Реальные, пусть и очень постепенные сдвиги происходят, кажется, только в сфере культуры – в театрах после ремонтов устанавливают обязательные лифты, появляются подъемники в музеях. В Пушкинском музее, который параллельно с «Гаражом» стал одним из пионеров этого движения, осенью проходит «Инклюзивный фестиваль» и только что завершилась конференция на эту тему, которая остается тем не менее на обочине общественных интересов. Многие полагают, что занимать она должна только тех, кто сам или у кого кто-то из родных оказался обездвижен, лишен зрения, слуха etc.

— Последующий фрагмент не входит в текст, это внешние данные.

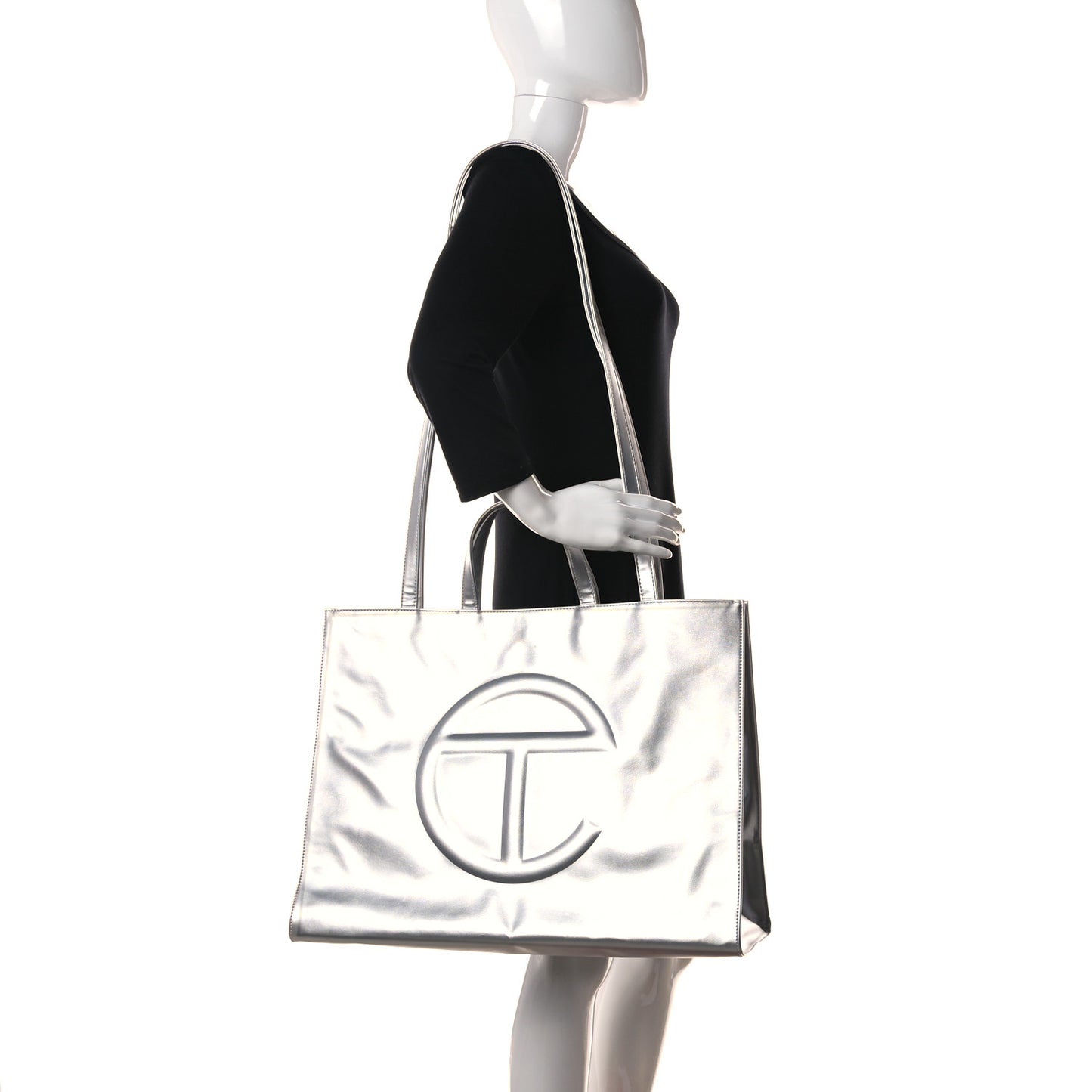 Metallic Vegan Leather Large Shopping Bag Silver
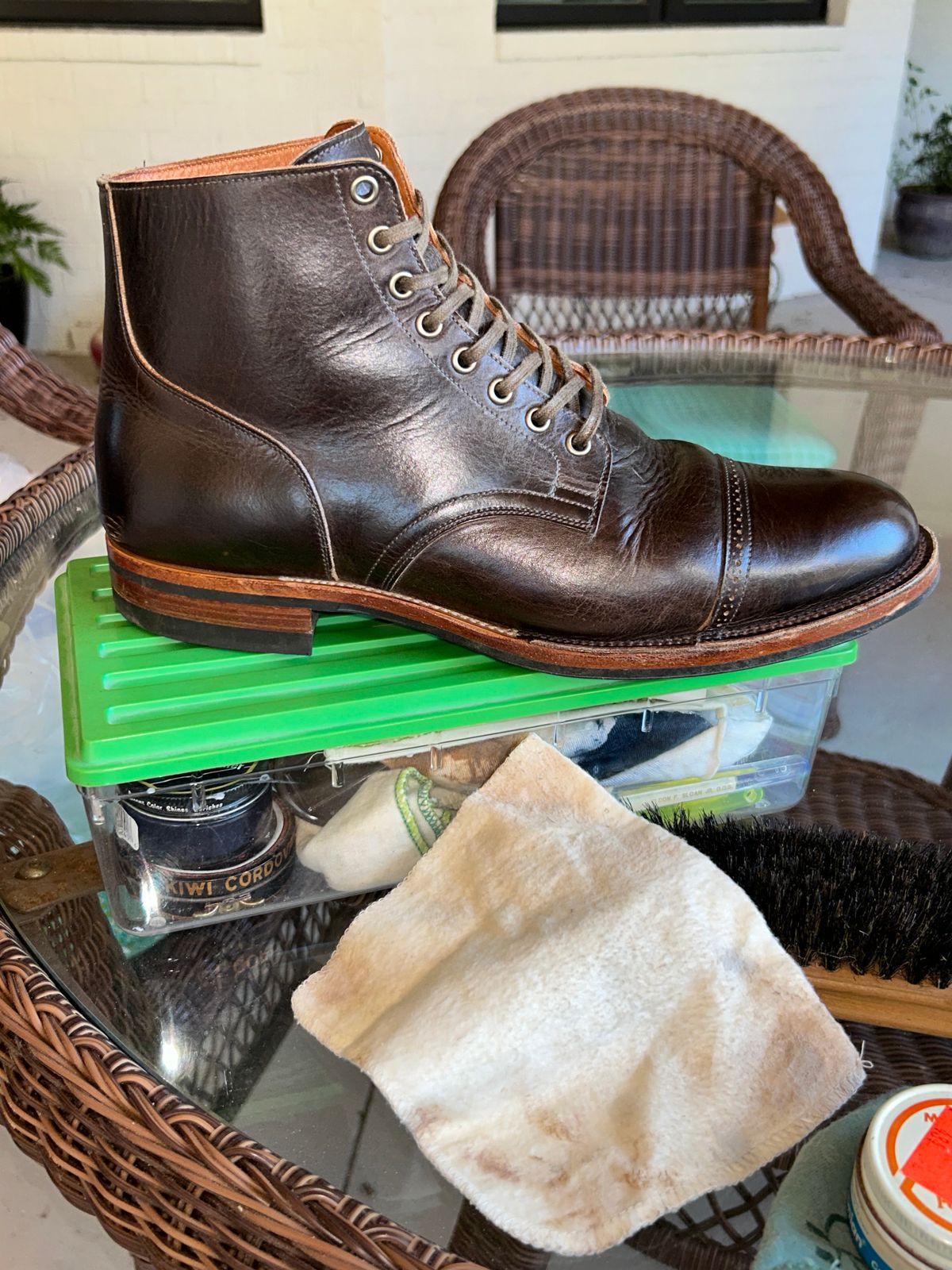 Photo by lowrollr on November 16, 2025 of the Viberg Service Boot BCT in C.F. Stead Antique Phoenix.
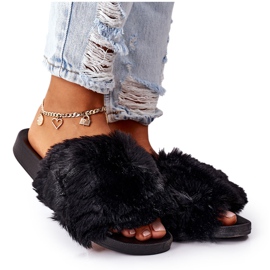 FJ1 Pantoufles En Caoutchouc Doux Noir Avec Fourrure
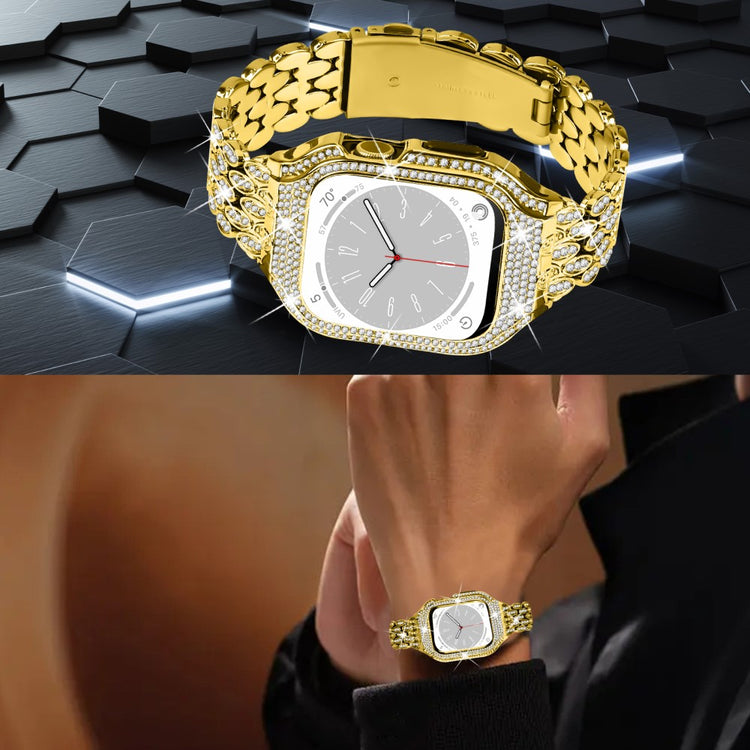 Metal Og Rhinsten Universal Rem passer til Apple Watch Series 8 (41mm) / Apple Watch Series 7 41mm - Guld#serie_1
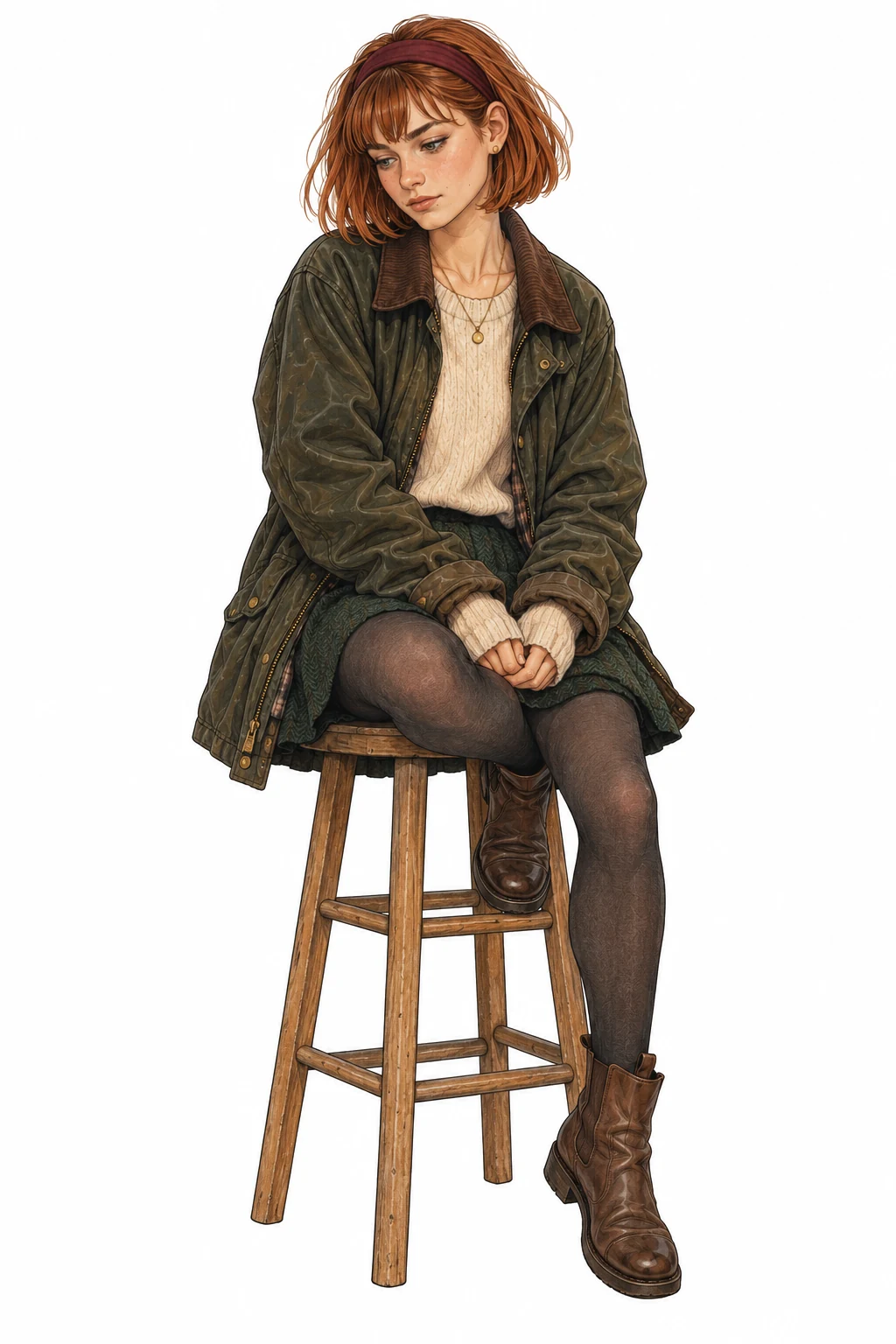 Nora sitting on a wooden stool, sleeves pulled over her hands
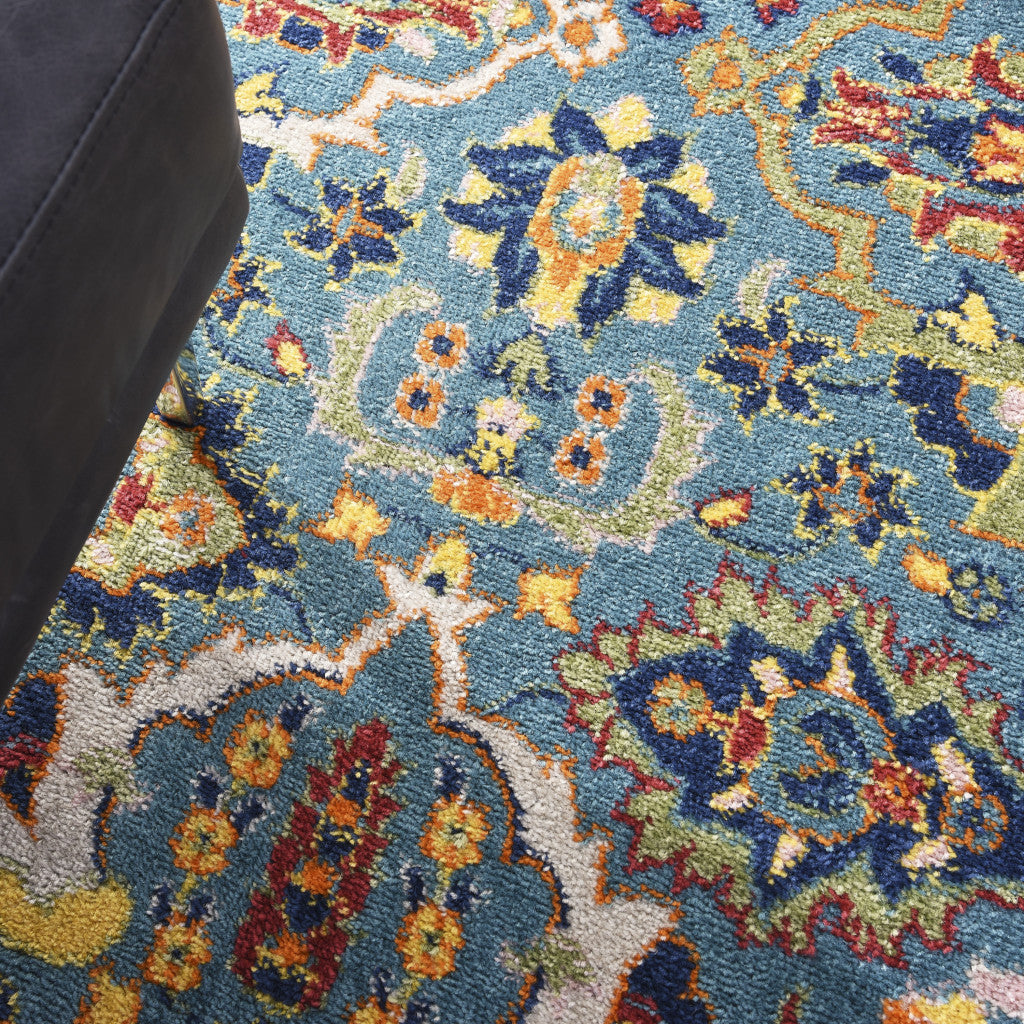 8' X 10' Blue Floral Power Loom Area Rug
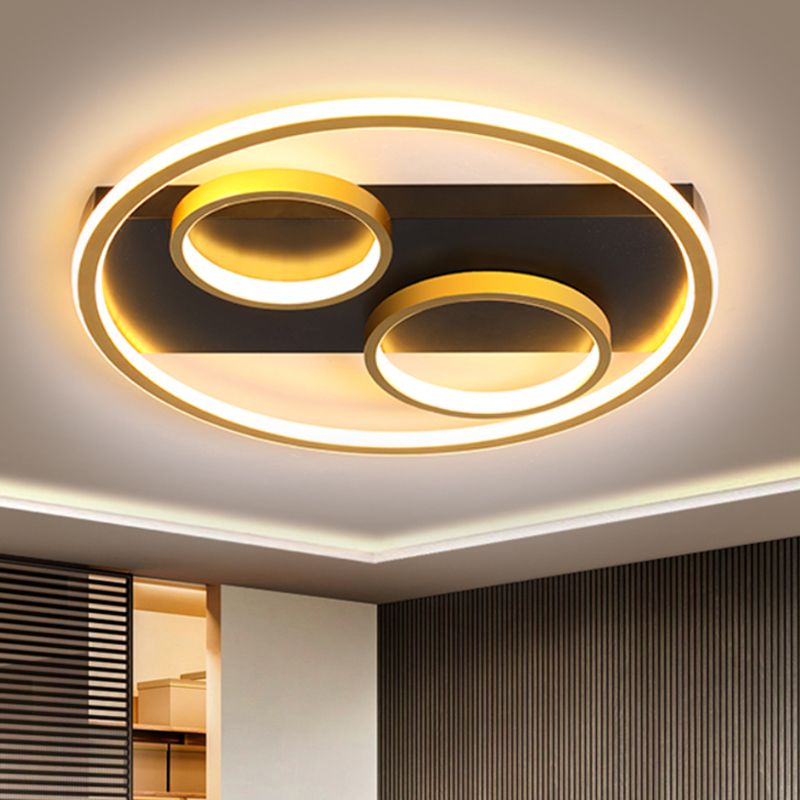 Metallic Circular Ceiling Mounted Fixture Modern LED Black Flush Mount with Rectangle Canopy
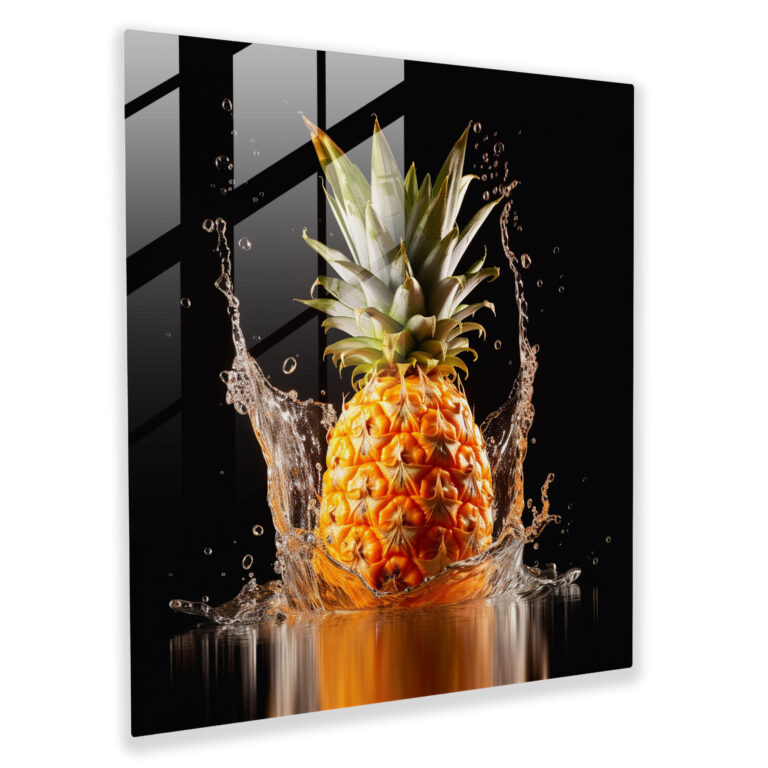 Juicy Pineapple Slice Glass Print - Pineapple, Glass Print, Pineapple, Home Decoration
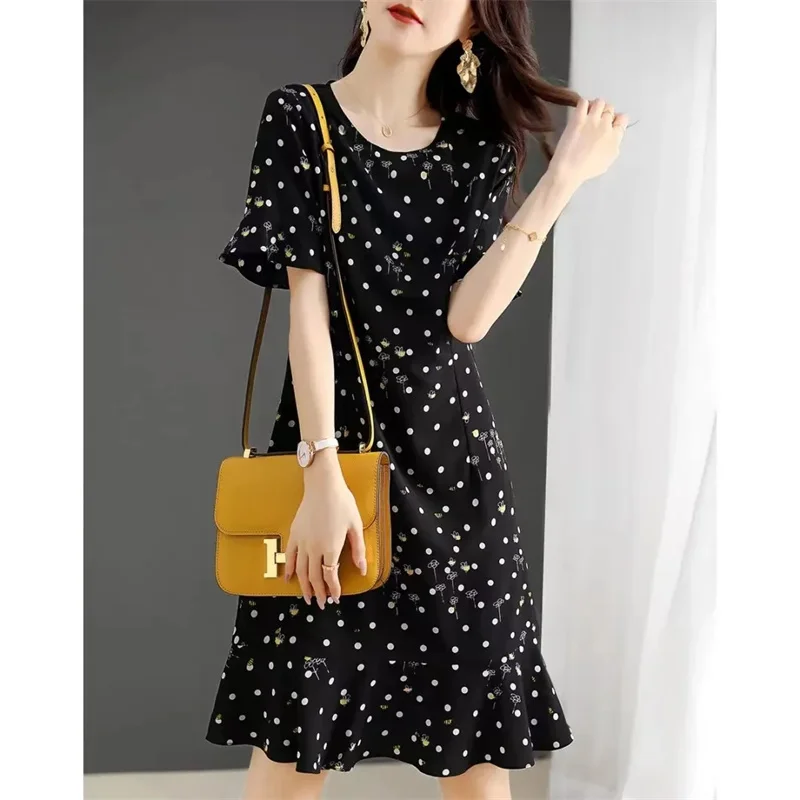 Foreign Trade Export High-End 2022 Women's Dresses New European Goods Big-Name Female Fashion All-Match Printing Fishtail Dress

И всех, кажется, устраивает принятая псевдотолерантная схема, из которой исключено слово «инвалид». На вопрос, звучит ли это слово обидно, лет 10 назад мне однозначно ответила моя подруга, известный журналист Ирина Ясина, давно передвигающаяся на коляске. Она сказала: «Нет». Страшно не слово, страшно, когда государство и общество ведут себя так, будто инвалидов нет.

В том же Нижнем Новгороде, как оказалось, в одном из зданий Государственного художественного музея не так давно устроили детскую инклюзивную выставку. «На третьем этаже, – делился возмущением мой собеседник, – детей по нескольким лестничным пролетам приходилось поднимать на руках!»

Похоже, Арсенал в Нижегородском кремле, превращенный в свое время в центр искусств стараниями директора местного филиала ГЦСИ Анны Гор и его художественного руководителя Любови Сапрыкиной, которой давно нет на свете, и блестяще, со всей деликатностью и оглядкой на современные нужды отреставрированный архитектором Евгением Ассом, – единственное здесь место, обеспечивающее реально доступную среду. Оно приспособлено для инклюзивных проектов, которые устраиваются в Арсенале постоянно. На очень людном вернисаже «Единомышленников» присутствовали, разумеется, и те, кто в другие музеи просто не смог бы войти.